Production Deployment Guide¶

Purpose: Step-by-step guide for deploying live trading strategies to production Audience: DevOps engineers, quantitative traders, system administrators Status: ⚠️ SAFETY CRITICAL - Follow all steps carefully

Overview¶

This guide covers the complete production deployment process for RustyBT live trading strategies, from pre-deployment validation through ongoing monitoring and incident response.
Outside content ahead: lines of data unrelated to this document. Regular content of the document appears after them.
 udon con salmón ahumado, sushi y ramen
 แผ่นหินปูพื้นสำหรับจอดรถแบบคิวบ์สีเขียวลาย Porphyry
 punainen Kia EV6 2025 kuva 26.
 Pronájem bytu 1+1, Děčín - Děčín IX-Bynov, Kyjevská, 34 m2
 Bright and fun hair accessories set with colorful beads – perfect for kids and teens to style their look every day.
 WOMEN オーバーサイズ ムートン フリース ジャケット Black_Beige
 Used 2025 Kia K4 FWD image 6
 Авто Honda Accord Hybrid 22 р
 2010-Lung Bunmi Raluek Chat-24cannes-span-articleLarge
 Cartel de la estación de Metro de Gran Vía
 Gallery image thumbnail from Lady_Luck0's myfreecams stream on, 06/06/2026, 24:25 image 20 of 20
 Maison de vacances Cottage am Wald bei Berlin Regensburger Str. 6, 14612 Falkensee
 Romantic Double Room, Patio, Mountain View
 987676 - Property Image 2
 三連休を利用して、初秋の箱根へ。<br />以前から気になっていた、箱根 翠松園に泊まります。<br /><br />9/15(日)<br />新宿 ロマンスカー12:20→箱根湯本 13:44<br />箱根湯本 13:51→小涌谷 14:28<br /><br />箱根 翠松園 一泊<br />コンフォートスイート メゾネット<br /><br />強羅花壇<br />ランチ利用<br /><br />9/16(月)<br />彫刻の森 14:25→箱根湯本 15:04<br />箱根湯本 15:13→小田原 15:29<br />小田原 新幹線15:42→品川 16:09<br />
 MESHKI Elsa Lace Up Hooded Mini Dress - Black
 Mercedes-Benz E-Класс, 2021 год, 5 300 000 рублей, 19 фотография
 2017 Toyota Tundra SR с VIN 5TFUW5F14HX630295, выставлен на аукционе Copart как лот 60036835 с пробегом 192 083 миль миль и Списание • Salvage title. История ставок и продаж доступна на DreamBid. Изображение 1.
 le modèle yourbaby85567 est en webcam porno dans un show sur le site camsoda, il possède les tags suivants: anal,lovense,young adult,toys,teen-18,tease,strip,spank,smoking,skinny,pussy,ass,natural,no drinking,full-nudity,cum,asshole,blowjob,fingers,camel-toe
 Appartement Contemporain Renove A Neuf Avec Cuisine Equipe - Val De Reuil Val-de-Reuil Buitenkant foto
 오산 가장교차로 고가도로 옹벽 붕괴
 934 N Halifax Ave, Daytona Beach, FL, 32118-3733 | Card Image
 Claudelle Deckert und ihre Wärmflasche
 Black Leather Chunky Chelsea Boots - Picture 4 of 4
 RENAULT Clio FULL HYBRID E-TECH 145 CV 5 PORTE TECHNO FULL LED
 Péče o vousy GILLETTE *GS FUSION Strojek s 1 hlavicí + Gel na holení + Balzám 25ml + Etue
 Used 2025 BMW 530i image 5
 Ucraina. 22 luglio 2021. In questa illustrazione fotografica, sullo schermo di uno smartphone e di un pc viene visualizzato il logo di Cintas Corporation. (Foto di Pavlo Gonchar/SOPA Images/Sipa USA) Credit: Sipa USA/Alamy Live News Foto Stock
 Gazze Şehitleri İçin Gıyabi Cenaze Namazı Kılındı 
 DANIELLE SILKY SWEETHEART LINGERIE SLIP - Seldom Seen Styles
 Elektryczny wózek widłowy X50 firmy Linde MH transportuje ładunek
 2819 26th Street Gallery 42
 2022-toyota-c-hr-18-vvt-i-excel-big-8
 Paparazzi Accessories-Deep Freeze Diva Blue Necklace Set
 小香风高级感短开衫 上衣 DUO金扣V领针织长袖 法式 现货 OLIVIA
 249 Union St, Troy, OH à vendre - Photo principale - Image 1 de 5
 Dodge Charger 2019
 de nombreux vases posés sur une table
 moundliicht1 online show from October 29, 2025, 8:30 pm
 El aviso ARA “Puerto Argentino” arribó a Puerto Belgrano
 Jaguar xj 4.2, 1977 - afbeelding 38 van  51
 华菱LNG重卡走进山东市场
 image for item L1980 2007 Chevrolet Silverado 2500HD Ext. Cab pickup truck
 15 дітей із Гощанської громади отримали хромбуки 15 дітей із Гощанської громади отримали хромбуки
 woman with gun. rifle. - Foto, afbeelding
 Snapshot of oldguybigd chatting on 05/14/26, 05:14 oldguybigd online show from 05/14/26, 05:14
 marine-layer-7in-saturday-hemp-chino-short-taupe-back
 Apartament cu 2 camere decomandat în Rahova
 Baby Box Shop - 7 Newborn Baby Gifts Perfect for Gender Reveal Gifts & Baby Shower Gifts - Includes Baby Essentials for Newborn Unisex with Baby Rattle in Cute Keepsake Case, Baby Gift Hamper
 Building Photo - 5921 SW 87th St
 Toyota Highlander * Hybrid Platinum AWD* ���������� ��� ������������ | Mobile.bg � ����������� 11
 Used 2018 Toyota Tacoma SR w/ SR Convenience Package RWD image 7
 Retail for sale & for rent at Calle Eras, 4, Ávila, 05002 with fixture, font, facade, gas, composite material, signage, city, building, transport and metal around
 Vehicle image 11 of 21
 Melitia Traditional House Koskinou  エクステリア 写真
Deployment Timeline: Minimum 4-6 weeks from backtest completion to full live deployment

Pre-Deployment Phase (Weeks 1-3)¶

Week 1: Backtest Validation¶

Objective: Verify strategy performance meets production standards

Checklist: - [ ] Strategy tested on ≥3 years of historical data - [ ] Positive risk-adjusted returns (Sharpe ratio ≥1.0) - [ ] Maximum drawdown <20% in backtest - [ ] Walk-forward validation passed (≥10 windows) - [ ] Monte Carlo robustness testing passed (≥1000 simulations) - [ ] Parameter sensitivity analysis shows stable performance - [ ] Transaction costs realistically modeled - [ ] No look-ahead bias detected

Validation Script:

from rustybt.utils.run_algo import run_algorithm
from rustybt.analytics.risk import RiskAnalytics
from rustybt.optimization.walk_forward import WalkForwardOptimizer

# Run backtest
results = run_algorithm(
    strategy=MyStrategy(),
    start='2020-01-01',
    end='2023-12-31',
    capital_base=100000
)

# Validate performance metrics
risk = RiskAnalytics(results)
assert risk.sharpe_ratio >= 1.0, "Sharpe ratio too low"
assert risk.max_drawdown < 0.20, "Max drawdown too high"

# Walk-forward validation
wf = WalkForwardOptimizer(strategy=MyStrategy(), ...)
wf_results = wf.run(num_windows=10)
assert wf_results['avg_oos_sharpe'] >= 0.8, "Out-of-sample performance poor"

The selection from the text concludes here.